That means a lot @Alphamale , my brother from across the world. Hopefully I’m a force for good in the world. I’d like to say I’m just a cog-in-the-machine or pawn, but I was given the privilege of autonomy over choosing my assignments, and have tested the limitations of that. Much love to you .
It was my calling to be a soldier and that was when I was 7-21. I feel like I’ve served my purpose with that calling and ready to move on to the next thing in my lifetime and evolution. On the journey I have met my best friend, lovers, great people, etc. It’s changed my life forever and the impact will continue for the rest of my life.
I’ve been the personal recipient of worldwide love from unexpected people and families and also hatred by those who oppose what I do. It hurt my feelings at first, but then I understood that criticism comes with the territory and that’s just a part of fulfilling my purpose.
The criticism really got to me because it hits different coming from old friends. This was my divine calling and being known as “just a pawn” was really a slap in the face. I am no government’s pawn, the fire of God compelled me to do something so I did what was set out for me and have been blessed for it.

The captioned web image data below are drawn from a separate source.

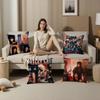 Classic Band M-Motley C-Crue Office Cushion Pillowcase Car Cushion Cover45X45CM Lumbar Pillowcase Sofa Pillowcover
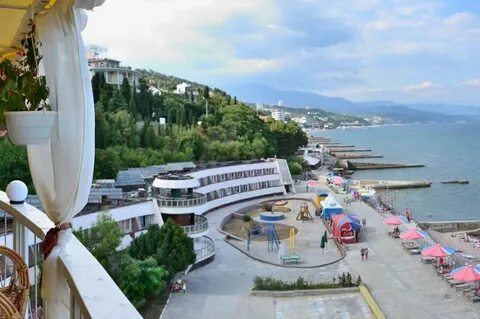 Профессорский уголок в алуште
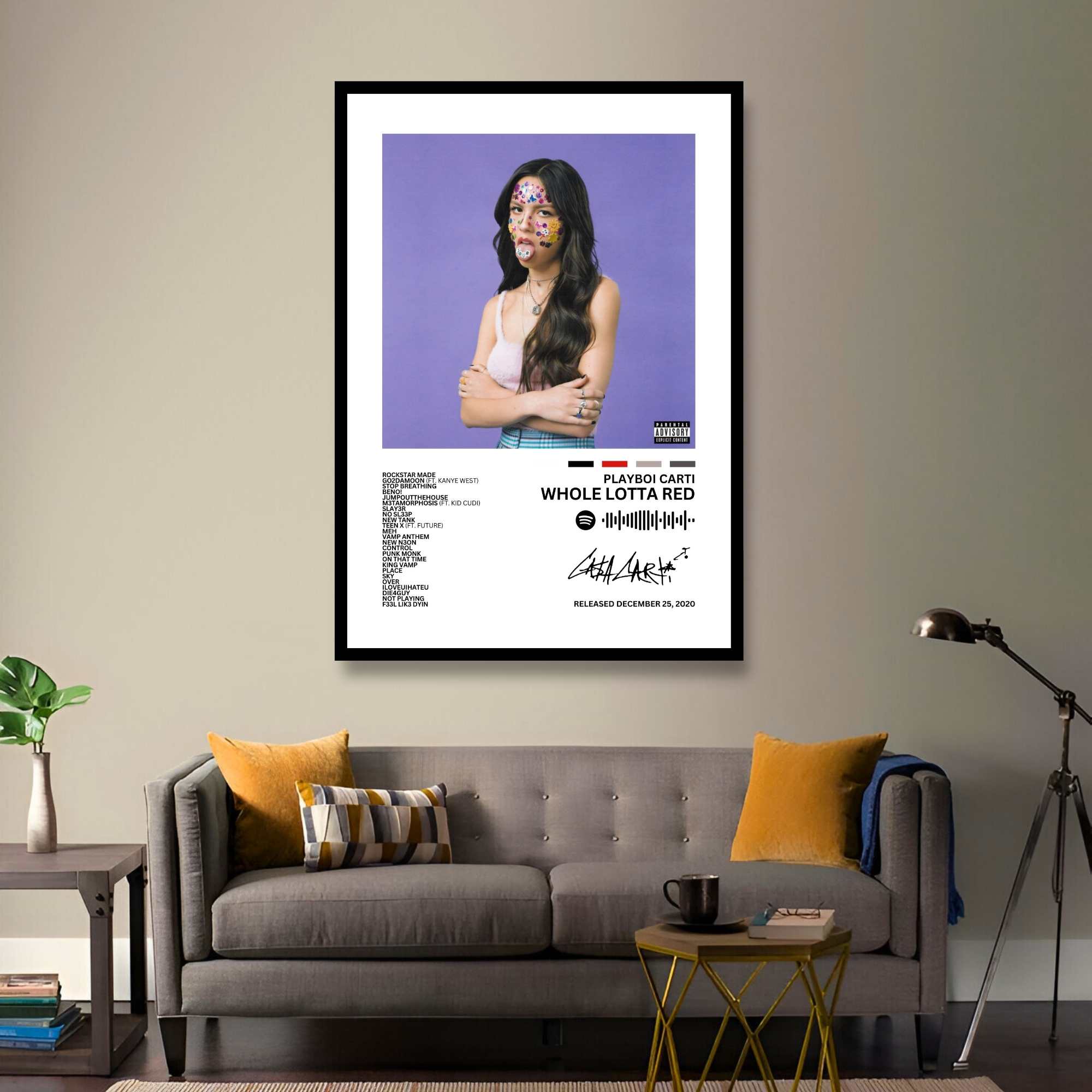 OLIVIA RODRIGO - Sour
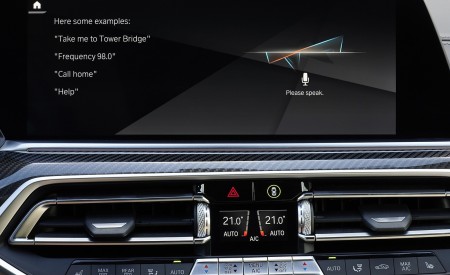 2020 BMW X6 M50i Central Console Wallpapers 450x275 (82)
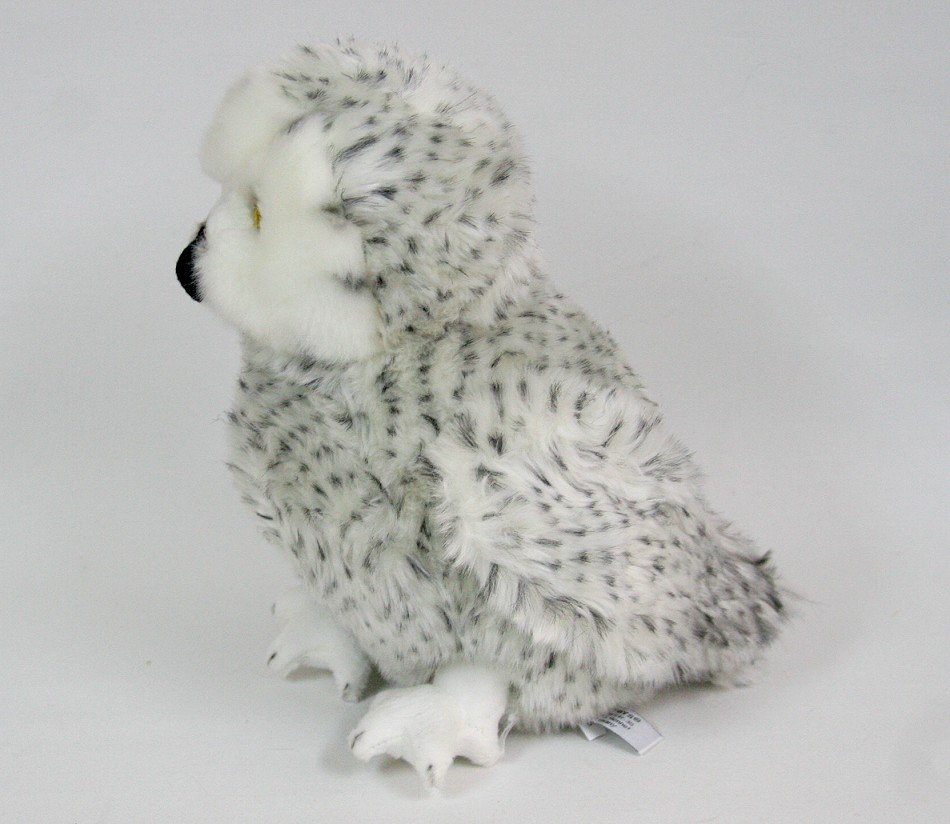 Sowa Biała Śnieżna - 26cm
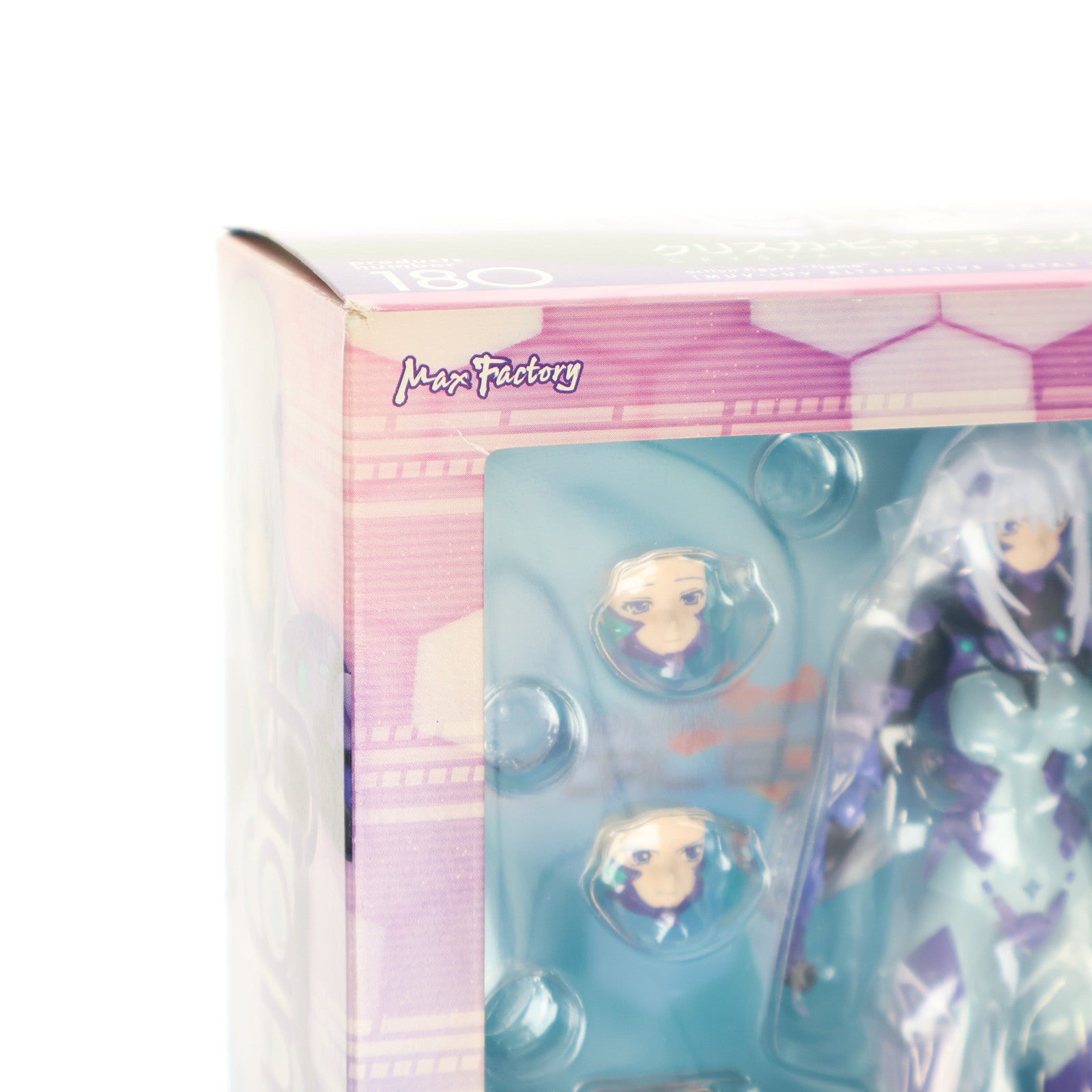【中古即納】[FIG] figma(フィグマ) 180 クリスカ・ビャーチェノワ マブラヴ オルタネイティヴ トータル・イクリプス 完成品 可動フィギュア マックスファクトリー(20130629)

Now my contract is ending and I am deciding that I want this to be my final mission. It really sucks because I crave the full freedom and control of my life, but I am going to lose a big part of me. For years I’ve been a part of something great and bigger than myself, and people have recognized me as great. My reputation reached memetic proportion in my community. Being called a veteran is not enough for me. I feel like I’m losing something. But at the same time, if I stay, I will eventually be unreasonably disadvantaged and suffer. It is by the grace and mercy of God I prevail through all the challenges that have come my way. The warfighter isn’t truly cared for by any of our governments and even some of our fellow citizens. It’s just the nature of being a man that the bloody game of war has to be done. Someone has to do it. Somewhere along the way of silencing our emotions and feelings and thinking we are impenetrable vessels of steel, mankind must know God is there to provide for our emotional nature too, because we cannot hide it from him, something which he created. Purpose is tough is what I’m saying. I am a bit sad because of the dilemma, but also overjoyed by the blessings.